The task — Give back the data exactly, with no images.

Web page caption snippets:
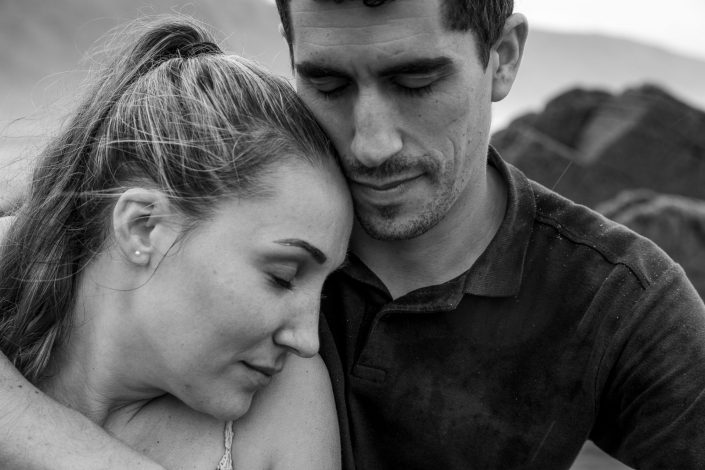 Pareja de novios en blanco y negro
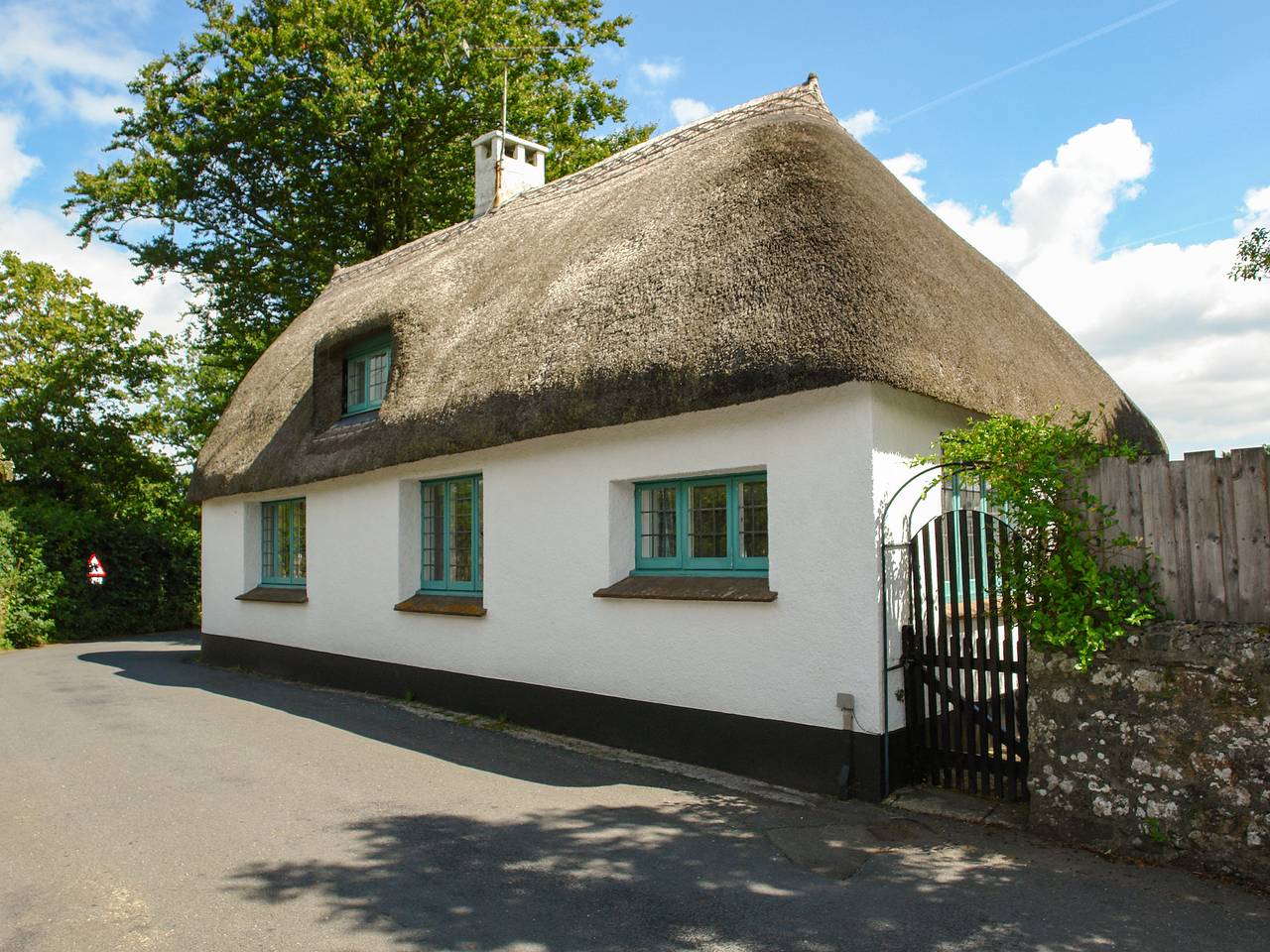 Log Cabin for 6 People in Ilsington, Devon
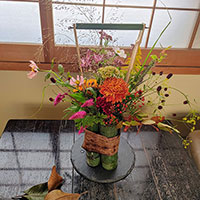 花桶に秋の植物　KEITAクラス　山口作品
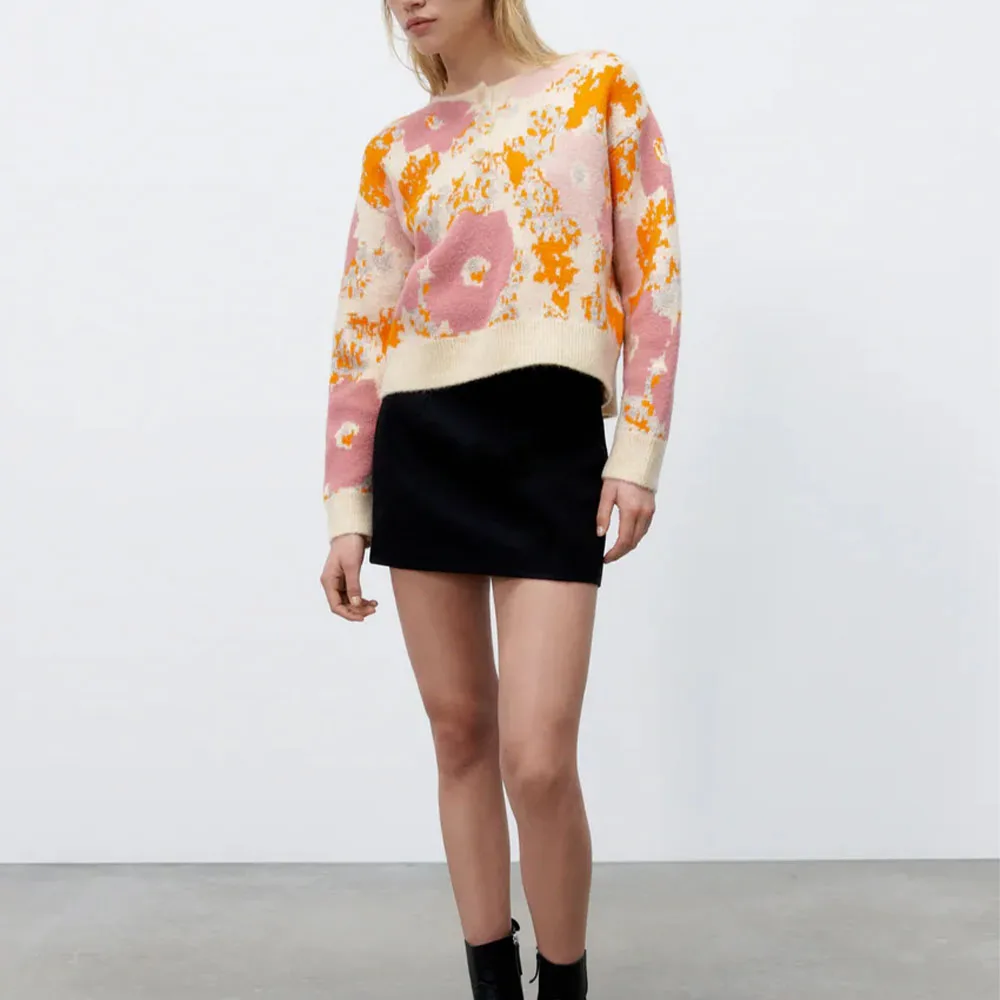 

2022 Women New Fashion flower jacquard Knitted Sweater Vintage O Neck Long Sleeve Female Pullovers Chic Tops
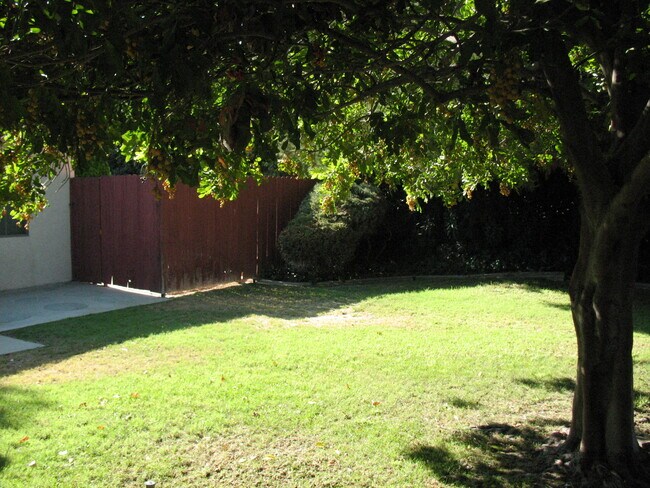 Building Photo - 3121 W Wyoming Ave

Finished exercise —
 Pareja de novios en blanco y negro
 Log Cabin for 6 People in Ilsington, Devon
 花桶に秋の植物　KEITAクラス　山口作品

2022 Women New Fashion flower jacquard Knitted Sweater Vintage O Neck Long Sleeve Female Pullovers Chic Tops
 Building Photo - 3121 W Wyoming Ave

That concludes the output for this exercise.